“Not by bread alone does man live, but by every word that proceeds from the mouth of God.” This verse from the gospels is at the heart of the message the Holy See wishes to express at Expo Milano 2015. And it does so by focusing visitors' attention on the strong symbolic relevance of food and nourishment, and the important role it plays in anthropological development. The Holy See pavilion is therefore designed to offer its visitors a space for reflection on contemporary issues related to food and access to food. The covered part of the Holy See pavilion covers a total floor surface of 500 m², and is set in an area of 750 m². The compact white volume represents the essential nature of a pre-existing mass that can only be accessed through a narrow fissure.
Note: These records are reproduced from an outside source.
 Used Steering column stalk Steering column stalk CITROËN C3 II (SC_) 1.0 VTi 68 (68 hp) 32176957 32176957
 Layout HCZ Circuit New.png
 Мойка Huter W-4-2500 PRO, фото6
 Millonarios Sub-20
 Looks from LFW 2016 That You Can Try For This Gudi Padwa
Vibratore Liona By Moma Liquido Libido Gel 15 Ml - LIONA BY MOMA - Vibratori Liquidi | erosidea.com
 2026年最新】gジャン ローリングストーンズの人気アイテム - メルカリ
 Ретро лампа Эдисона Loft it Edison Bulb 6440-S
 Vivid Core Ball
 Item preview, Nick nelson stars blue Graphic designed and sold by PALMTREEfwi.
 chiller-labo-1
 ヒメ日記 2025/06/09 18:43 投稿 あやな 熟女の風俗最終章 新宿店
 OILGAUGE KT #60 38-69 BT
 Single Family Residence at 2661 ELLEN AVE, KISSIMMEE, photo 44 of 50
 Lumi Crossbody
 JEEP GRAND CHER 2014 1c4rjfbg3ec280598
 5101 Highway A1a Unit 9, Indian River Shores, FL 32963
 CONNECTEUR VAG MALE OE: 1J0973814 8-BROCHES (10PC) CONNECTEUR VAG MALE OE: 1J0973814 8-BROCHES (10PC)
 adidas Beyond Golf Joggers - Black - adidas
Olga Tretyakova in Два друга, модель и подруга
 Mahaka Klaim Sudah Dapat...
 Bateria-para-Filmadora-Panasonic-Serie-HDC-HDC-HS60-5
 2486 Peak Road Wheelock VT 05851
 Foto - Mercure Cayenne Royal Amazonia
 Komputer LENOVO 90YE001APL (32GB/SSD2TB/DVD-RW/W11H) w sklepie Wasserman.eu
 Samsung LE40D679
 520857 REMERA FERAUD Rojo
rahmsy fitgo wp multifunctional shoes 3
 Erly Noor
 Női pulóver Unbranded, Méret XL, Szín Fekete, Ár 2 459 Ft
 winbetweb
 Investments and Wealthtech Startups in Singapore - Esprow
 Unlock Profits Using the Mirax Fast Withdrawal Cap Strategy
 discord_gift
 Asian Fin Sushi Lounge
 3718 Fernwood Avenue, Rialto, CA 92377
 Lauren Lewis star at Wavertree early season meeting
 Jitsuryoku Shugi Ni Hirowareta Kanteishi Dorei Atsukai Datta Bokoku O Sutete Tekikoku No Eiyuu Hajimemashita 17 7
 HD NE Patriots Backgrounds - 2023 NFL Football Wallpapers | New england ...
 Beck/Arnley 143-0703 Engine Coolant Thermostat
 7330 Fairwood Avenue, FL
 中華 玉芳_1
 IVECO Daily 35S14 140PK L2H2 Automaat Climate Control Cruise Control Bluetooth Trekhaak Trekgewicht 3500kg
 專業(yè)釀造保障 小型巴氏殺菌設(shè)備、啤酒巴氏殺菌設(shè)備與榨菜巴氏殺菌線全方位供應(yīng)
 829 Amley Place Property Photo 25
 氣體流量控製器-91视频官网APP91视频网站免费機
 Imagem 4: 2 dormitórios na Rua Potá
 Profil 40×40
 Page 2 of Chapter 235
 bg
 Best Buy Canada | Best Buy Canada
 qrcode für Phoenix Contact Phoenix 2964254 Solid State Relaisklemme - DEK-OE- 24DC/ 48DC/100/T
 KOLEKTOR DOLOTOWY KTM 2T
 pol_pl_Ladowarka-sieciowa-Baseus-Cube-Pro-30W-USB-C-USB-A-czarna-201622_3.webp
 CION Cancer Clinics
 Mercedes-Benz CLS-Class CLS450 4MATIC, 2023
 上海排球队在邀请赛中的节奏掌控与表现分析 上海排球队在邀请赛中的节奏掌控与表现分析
The spacious atmosphere inside the pavilion is inspired by conventional architecture, such as cloisters. The northern section is particularly distinctive as it is shaped from two arched sections, a round arch and an acute arch, from which the vegetation on the roof spills out, as if from a crack in a rock. To guarantee low construction costs the structure features a steel load-bearing framework that is assembled on-site with no welding required. The 318 m² roof consists of corrugated sheet metal, part of which is covered with greenery. The load-bearing structures, substructures, intermediate floors and roof are all made of metal. The same level of care has been take over sustainability. In fact, the pavilion is a sustainable, high energy performance building. At the end of the Expo it will take only two working weeks to dismantle the load-bearing structure, roof and cover materials.
The pavilion stands out particularly for its sloping planes that are decorated with words expressing the basic concepts of Christianity. These words are created from slim, light steel letters that when attached to the outer facades look almost as if they have dropped there from the sky. The phrases “not by bread alone” and “give us our daily bread” are translated into 13 different languages and are highlighted both by day and by night. During the day the effect is created by natural light that throws shadows of the words onto the cover behind. Whereas, at night, artificial upward grazing effects creates an interesting and mysterious counter light. The goal of evoking the major principles of the Christian religion has been achieved by positioning neutral Linealuce luminaires at the base of the lit walls. Visitors enter the pavilion through a kind of gate covered by a large yellow fabric sail that conceals the entrance and creates a facade that is similar to the Vatican flag. The colour of the sail is intensified by warm colour temperature Linealuce luminaires positioned at the top of the sail that create a flood of warm downlight.
The original canvas of Tintoretto's Last Supper decorates the wall opposite the entrance. This has been brought to Expo Milano 2015 from the Chiesa di San Trovaso in Venice and will be exchanged halfway through the fair with a tapestry of the Eucharist by Pieter Paul Rubens, from the Diocesan Museum in Ancona. The infopoint and the general exit area are lit with iN 30 linear luminaires. The lighting project created by the Esa Engineering studio plays a fundamental role in the design of the pavilion given the importance of light as a metaphor in the Christian religion. The products all feature LEDs to guarantee maximum energy savings.